WLCG Operations and Tools TEG - WG3 Software Mangement, Software Configuration and Deployment Management

Application Software Management

The software stack for LHC experiments is based on several layers. The bottom being the operating system (e.g. Scientific Linux), on top of it is a set of common libraries which are used by the LHC experiments (e.g. ROOT, COOL, CORAL, Boost, mysql, Python, etc) and the top most layer being the experiment specific applications for data reconstruction, analysis and simulation. Essential needs for the experiments are

  • possibility to have a fast turnaround of package versions and their grid wide deployment
  • decoupling of common library versions from operating systems to allow later versions to be used than natively provided
  • provide the same package version in addition to grid deployment on different OSes, e.g. on development platforms (Mac)
  • possibility to fix the package versions of the whole stack which is essential for reproducibility

The common software layer for LHC experiments is being steered by PH/SFT through the "LCG Applications Area" where the set of common libraries and their versions is being discussed and defined. The topmost layer, the experiment specific applications, are being developed individually within experiments. The software management and configuration of these layers for experiments is being driven by several tools, some being used in common by multiple experiments.

Atlas and LHCb are using Cmt as the main tool for software management. Cmt implements its own language through which it allows package versioning, package building and the setup of runtime environments. Usually 2 to 3 times a year the PH/SFT group is providing a so called "LCGCMT configuration" which denotes a baseline of ~ 120 common packages provided to experiments. The packages within such a configuration include the "HEP self developed" projects (ROOT, COOL, CORAL), "external packages" - recompiled from source (e.g. gcc, Boost, Python, mysql, frontier) and grid middleware clients provided so far by gLite. Experiments are taking these LCGCMT configurations to build their specific applications on top. To allow an even faster turnaround of packages, LHCb has invented an experiment specific "LHCbGrid" configuration, which can overwrite the package versions and instructions provided by LCGCMT for grid middleware packages. One concern in this scenario is the future of grid middleware packages which were so far provided via gLite to PH/SFT and subsequently picked up by the experiments.

CMS uses rpm spec files which are derived from templates, augmented with version numbers and are being used for package building. A set of spec files containing a global tag denote a self contained set of compatible versions for the CMS software stack. A "cmsbuild" script will subsequently use one of these global tags to build the binary rpms which are used for later deployment. The advantage of this solution is the usage of a standard tool which is available and known in the development community for long time. The dependency management is also handled by rpm in a standard way. In addition to source rpms CMS is using scram for building their self developed projects (CMSSW)
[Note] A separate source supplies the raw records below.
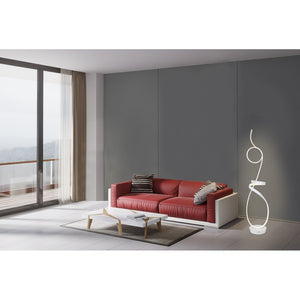 Symphonie 68W Unique Modern Design Led Floor Lamp, matte white - 63.00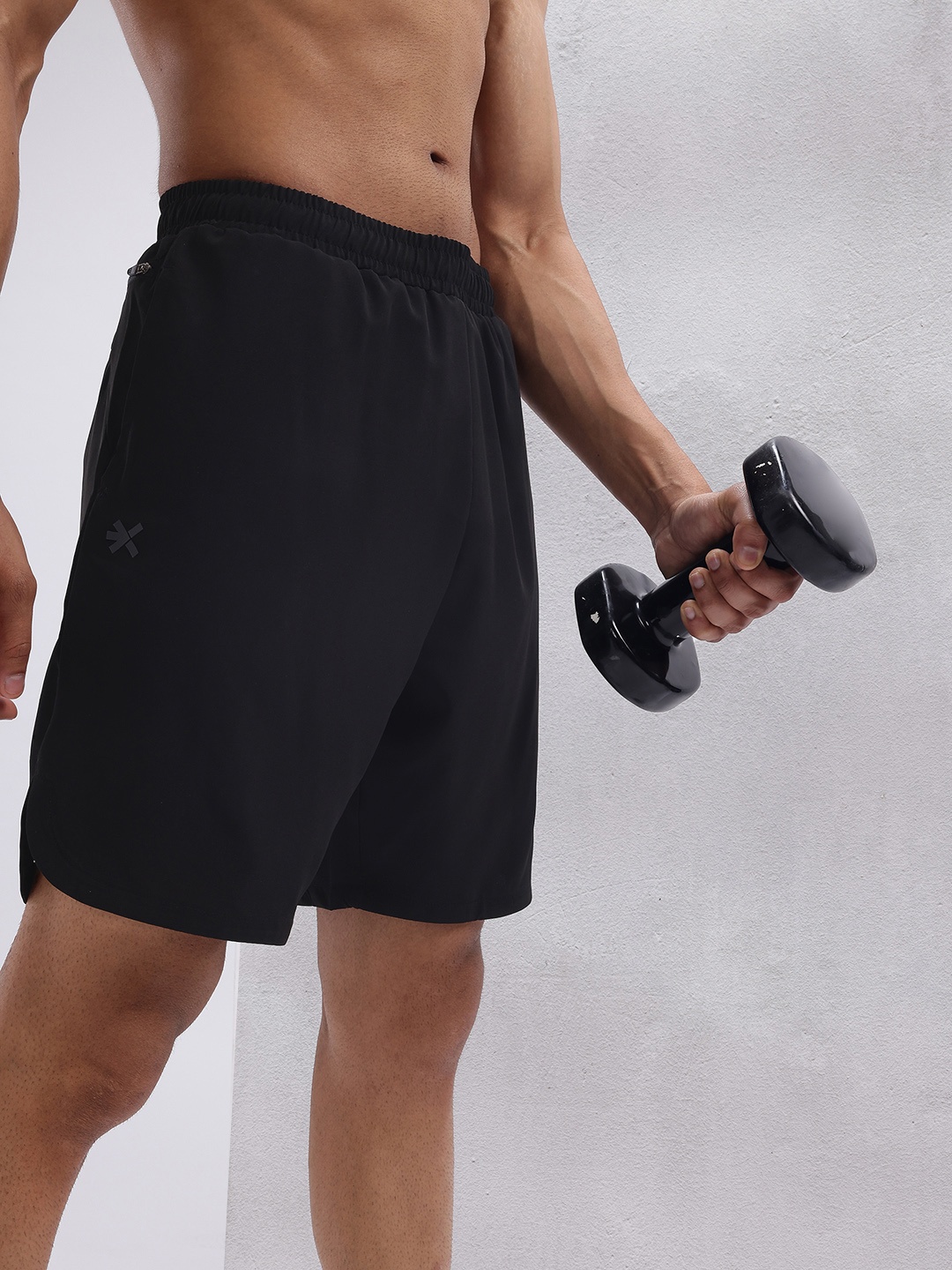 

HRX by Hrithik Roshan Men Brand Logo Print Detail Mid-Rise Training Shorts, Black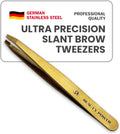 Ultra-Precision Professional Slant Tweezers for Women Facial Hair - German Stainless Steel, Lightweight Black Tweezers for Women & Men, Ideal for Eyebrow & Facial Grooming (Matte Gold)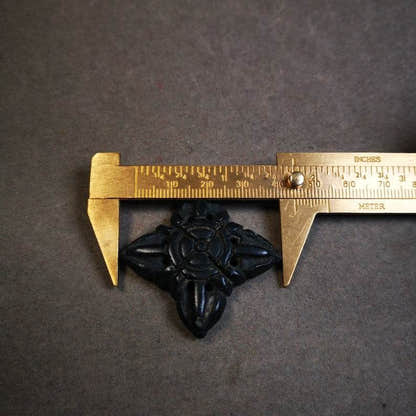 Hand Carved Cross Vajra Amulet Badge, Tibetan Buddhist Pendant, Made of Obsidian - Tibetan Buddhist amulet, view 7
Alice is using cmake for their software building (AliRoot) and otherwise the natively provided build tools for other packages. In total ~ 150 packages are used for the Alice software stack. Dependency management is handled by the major packages (AliRoot). Binaries are made available for SLC5, Ubuntu and MacOSX.

Experiments that are decoupling the grid middleware software layers from their own distribution are experiencing problems, while experiments deploying grid middleware together with their software stack have not reported issues of that kind.

Deployment Management

A rather recent development in the area of software deployment is cvmfs, a centrally deployed filesystem that is distributed to remote users via levels of caches. The local cvmfs client will only download the files which are needed for performing its work, usually a fraction of the deployed software area. Software deployment is done by the librarians of the different VOs deploying their software to a "release node" from which the files are being replicated to a "Stratum 0" node. This is the root node for the software deployment. Several "Stratum 1" nodes are being attached to this root node (currently operational at Cern, Ral, BNL, coming soon at Fermilab, Taiwan) which provide additional copies of the software tree. The final replication to the sites is being done via squid caches to which the cvmfs client will talk to retrieve the necessary files and download them persistent into a locally mounted cache. Currently cvmfs is deployed on ~ 80 sites and hosts 15 volumes (~ 2TB) for LHC experiments and other VOs. Cvmfs provides server side monitoring and a nagios probe for sites for their local testing. The advantage of this system is that it facilitates the software deployment in a single place, therefore reduces the workload for software librarians and deployment people. In addition any changes made on the root Stratum 0 node are visible with very little delay on all the connected clients. This solution is currently being used in production by Atlas and LHCb and ~ 80 sites (T0/T1/T2) in production. Experiments and sites that are using CMVFS are happy with its performance as it reduced / removed issues with software installation thus reducing man power intensive work. It is generally seen as a lightweight, scalable service solving problems with software installation in individual site shared areas, thus reducing man power

LHCb in addition for non cvmfs sites uses tarball distribution, providing individual tarballs for the common software layers and experiment projects (Reconstruction, Analysis, MC, ...). The deployment of the software is being done via special SAM jobs with privileges to write into the sites' shared software area. This system provides an easy way of software deployment both on grid sites and individual user machines. It is quite old but has been proven to be effective enough for software deployment on grid sites.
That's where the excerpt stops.